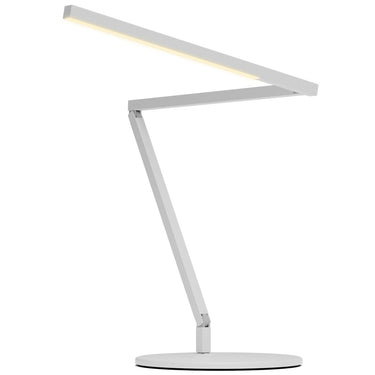 A lifestyle image of the Koncept Z-Bar lamp illuminating a modern bedroom nightstand, with its warm 3500K color temperature creating a cozy ambiance in matte white finish.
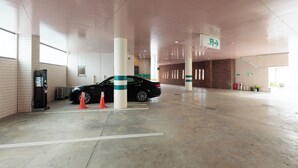 Un garaje para estacionamiento con un automóvil, una bomba de combustible y letreros de indicaciones.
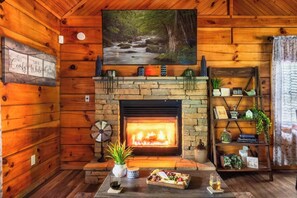 A cozy cabin interior with a fireplace, wooden walls, a painting of a forest stream, and a dining table with food and drinks. - Romantic - Firepit - Hot tub - Pet Friendly (Sevierville)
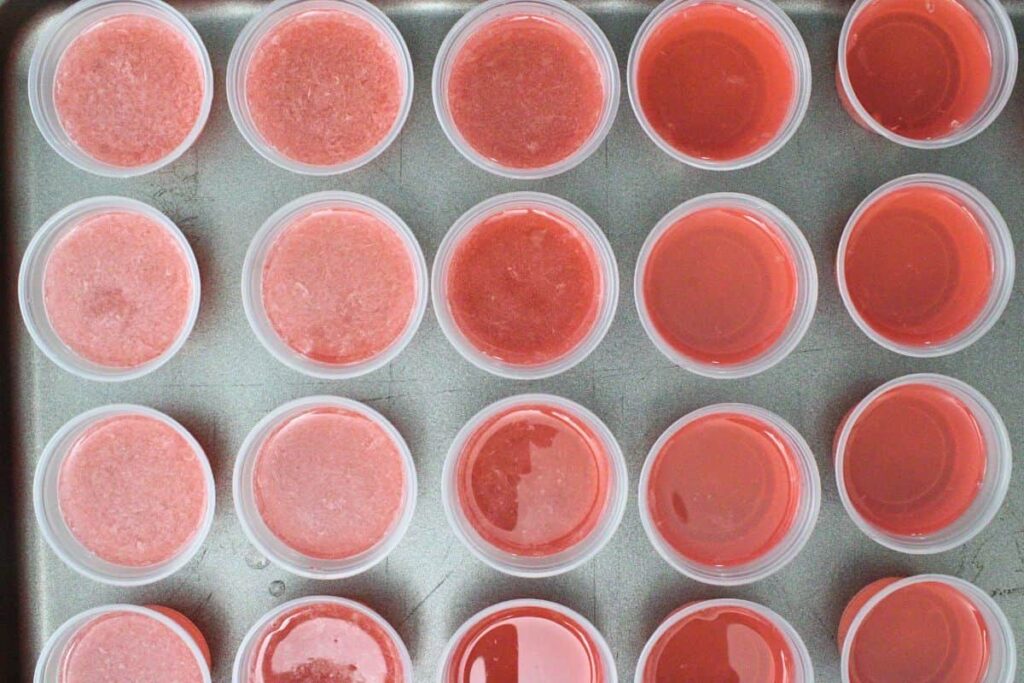 pour pink jello mixture into individual cups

--- WHAT YOU NEED TO DO ---
Images are not wanted in the copy. Please print the material above exactly.

--- SOLUTION TO THIS TASK ---
 A lifestyle image of the Koncept Z-Bar lamp illuminating a modern bedroom nightstand, with its warm 3500K color temperature creating a cozy ambiance in matte white finish.
 Un garaje para estacionamiento con un automóvil, una bomba de combustible y letreros de indicaciones.
 A cozy cabin interior with a fireplace, wooden walls, a painting of a forest stream, and a dining table with food and drinks. - Romantic - Firepit - Hot tub - Pet Friendly (Sevierville)
 pour pink jello mixture into individual cups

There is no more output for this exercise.